Devo, the new-wave band famed for its terraced headgear and the catchy ditty "Whip It," is putting the finishing touches on its first studio album since 1990, a spokeswoman said on Tuesday.

The as-yet-untitled release is scheduled to come out in the fall. It marks Devo's first new music since the 2007 single "Watch Us Work It" and first album since 1990's "Smooth Noodle Maps."

Co-founder Gerald Casale said via email that Devo was "in serious negotiations with three major labels" and an announcement would be made in the near future.

"The delivery method will be novel and cross-platform, taking advantage of the strange state of the economy and Devo's culturally relevant brand," he added.

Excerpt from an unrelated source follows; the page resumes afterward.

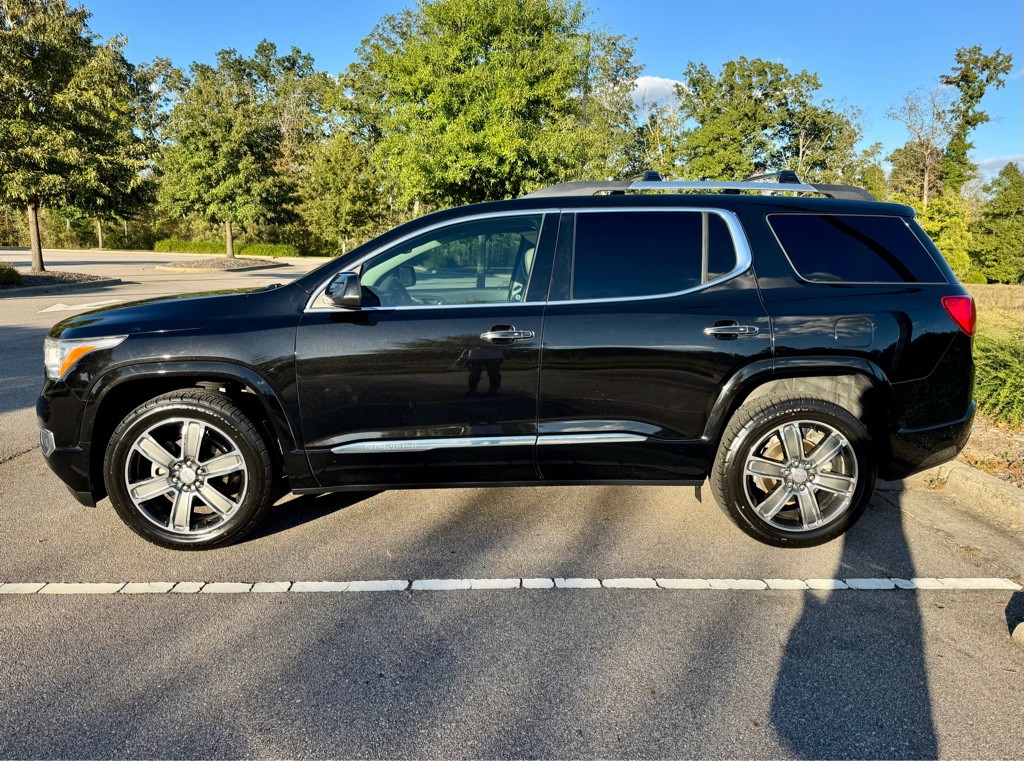 2017 GMC Acadia Image 8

Casale is joined in the lineup by fellow co-founder Mark Mothersbaugh, and two members from the band's classic 1975-1985 lineup: guitarists Bob Casale and Bob Mothersbaugh. Session musician Josh Freese is filling in on drums.

Alan Myers, who played drums with Devo during that decade, is now an electrician in Los Angeles. He told Reuters that he was "completely out of the loop," and pursues his own musical ventures when not working at his day job.

"Musically and personally, it's not something that I would be attracted to," Myers said of Devo.

Casale said Freese has injected "fresh, youthful, devolved energy" into the band.

Devo will perform at the South by SouthWest music festival in Austin, Texas, on March 20, and will perform a pair of U.K. shows in May.

The band, whose name is a contraction of "de-evolution," formed in 1972 in Akron, Ohio, as a quirky surrealist concept. Besides "Whip It," the band also recorded offbeat covers of the Rolling Stones' "(I Can't Get No) Satisfaction" and Allen Toussaint's "Working in the Coal Mine." Mark Mothersbaugh went on to become a successful film and TV composer.